Although the results of our investigation are encouraging, they are not without limitations. The NCDB does not report local recurrence rates. As survival of these patients depends on metastases and other patient variables, local recurrence may provide a more straightforward indicator of the success of local adjuvant therapy, as the direct impact of radiation therapy on overall survival is difficult to surmise. Other important factors not considered in this analysis include reoperation and rehospitalization rate, as well as quality of life and functional scores. Assessing our treatment groups, although SRS is identified as an advanced modality, it is difficult to interpret the effect stratified by dose. SRS is given with a high daily radiation dose; however, the total overall dose is less than either IMRT or PBT and for this reason was excluded from the dosage analysis. In addition, for the cohort of patients with positive margins, microscopic vs. gross residual disease is not specified. This may lead to patients classified within the same cohort (positive surgical margins) having different baseline prognoses and potentially skew the survival rates.
Furthermore, the NCDB dataset is not complete for all patients included in our analyses. Patients without specific data for variables were not included in those comparisons. Given the retrospective nature of our study, many of our conclusions are inferred from the collected data. These inferences provide starting points for future studies; however, in order to truly assess the usefulness of radiation therapy in chondrosarcoma, prospective studies of larger cohorts are needed to validate these findings and investigate local recurrence rates.
Given the difficulty of obtaining negative margins in CS of the pelvis and axial skeleton, effective adjuvant therapies are imperative to improving outcomes and survival rates. With advances of radiation therapy allowing improved precision of higher radiation doses adjacent to normal critical structures, our results correlating improved survival with RT suggest that it may be a useful adjuvant modality in selected CS patients with positive margins. Successful use of these modalities may not only preserve critical structures but also allow for less morbid resections and improved limb salvage options. Larger, prospective studies focusing on advanced modalities of RT with high dose for CS of the axial skeleton and pelvis are needed to better define the role of RT in these patients.

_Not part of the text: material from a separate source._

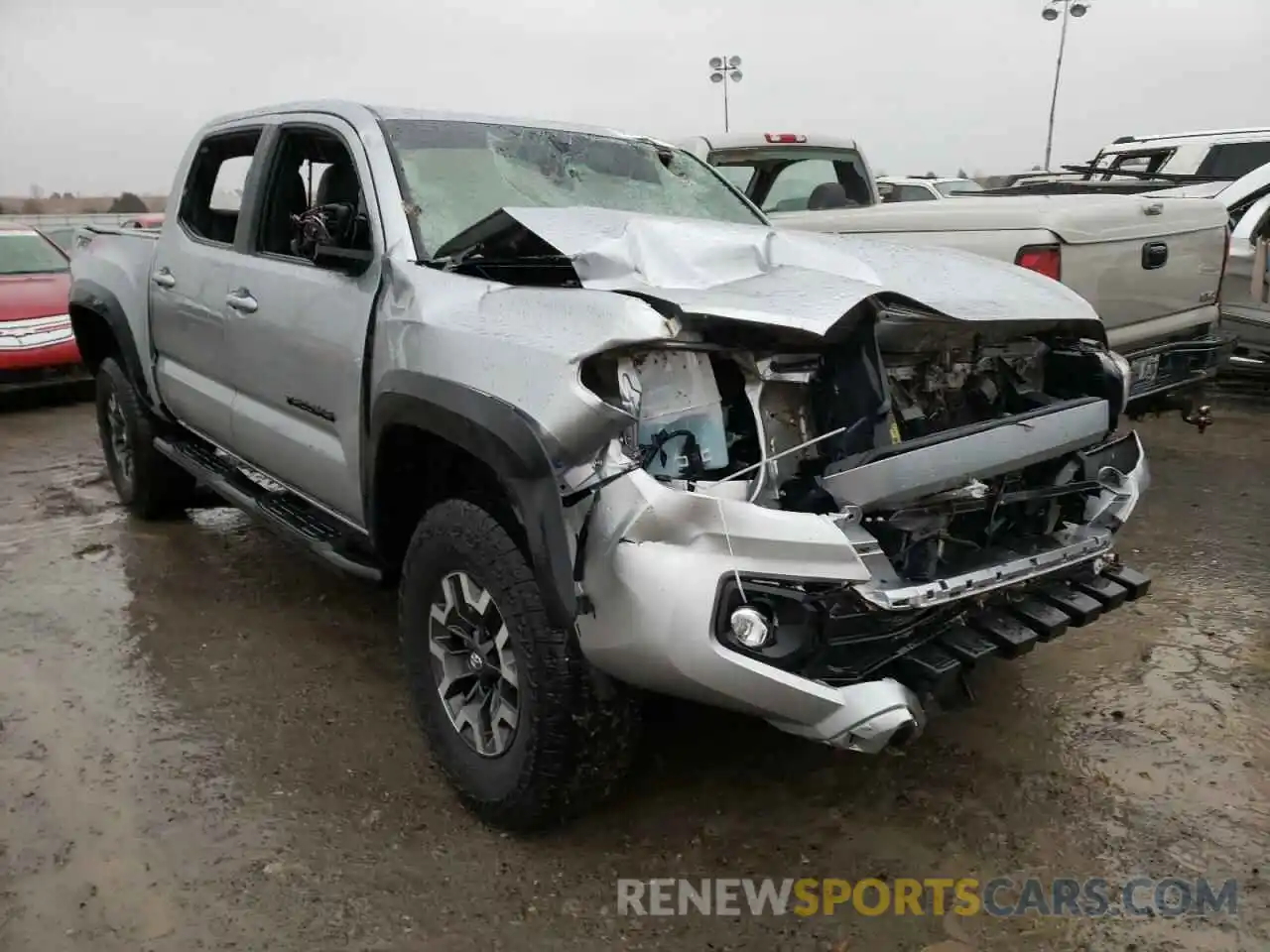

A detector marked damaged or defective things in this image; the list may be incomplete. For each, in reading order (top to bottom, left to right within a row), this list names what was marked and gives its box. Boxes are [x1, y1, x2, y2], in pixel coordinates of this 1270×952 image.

shattered windshield [377, 119, 762, 256]
crushed hood [441, 206, 1103, 341]
damaged front bumper [575, 430, 1151, 750]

The patient data used to support the findings of this study may be released upon application to the National Cancer Database Participant User File, who can be contacted at
This manuscript was previously presented at the 2018 Musculoskeletal Tumor Society Annual Meeting in New York, NY.

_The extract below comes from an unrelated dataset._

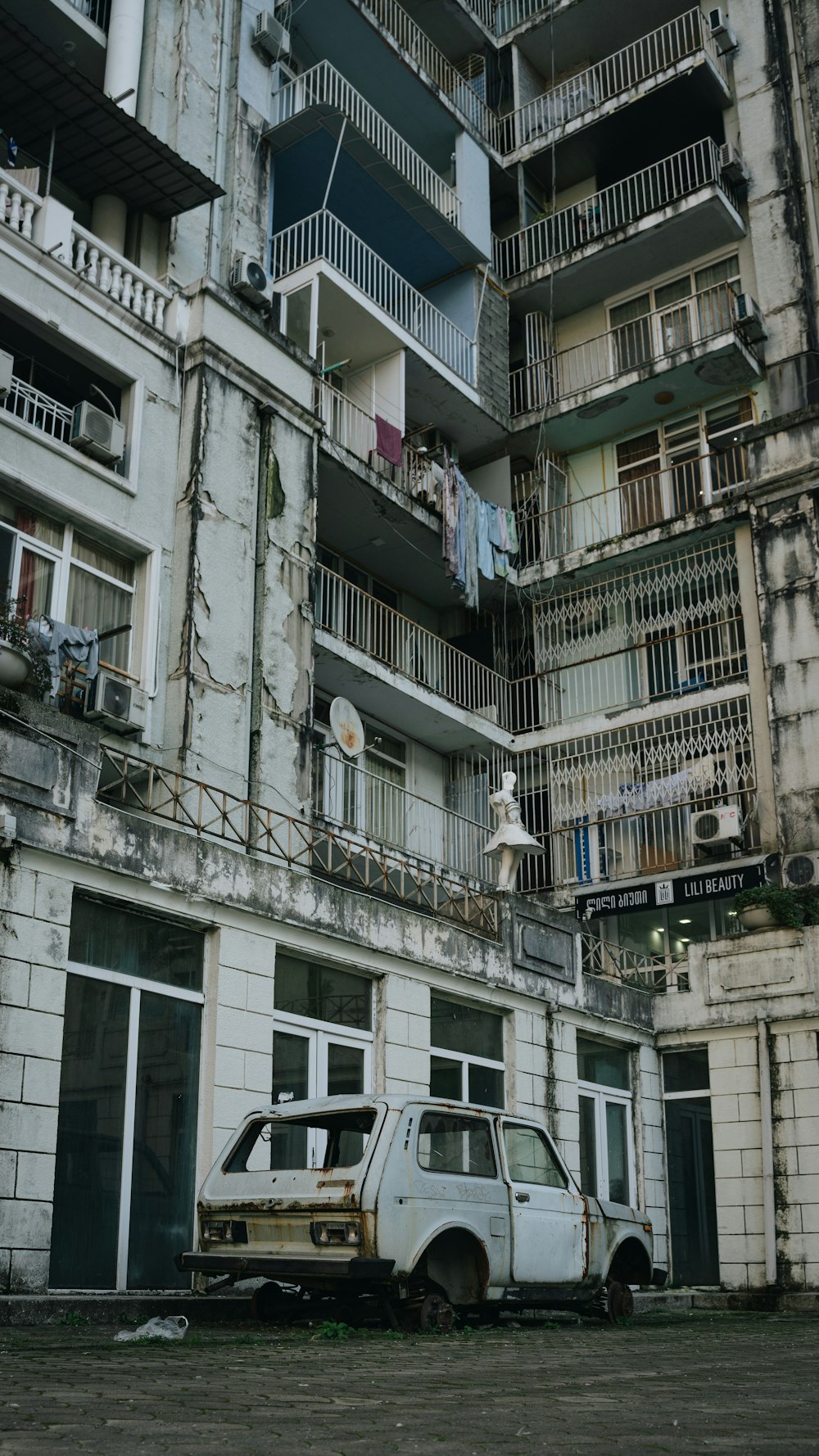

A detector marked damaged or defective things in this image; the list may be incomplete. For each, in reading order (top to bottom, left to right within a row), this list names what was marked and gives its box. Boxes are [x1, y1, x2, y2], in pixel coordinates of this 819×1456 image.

rusted abandoned van [179, 1087, 658, 1330]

David G. Kirsch, M.D., Ph.D., is on the scientific advisory board and owns stock in Lumicell Inc., which is commercializing intraoperative imaging technology for which he holds a patent and is a cofounder and owns stock in XRAD Therapeutics, which is developing radiation sensitizers for which he has filed a patent. All other authors or any member of his or her immediate family have no funding or commercial associations (e.g., consultancies, stock ownership, equity interest, and patent/licensing arrangements) that might pose a conflict of interest in connection with the submitted article.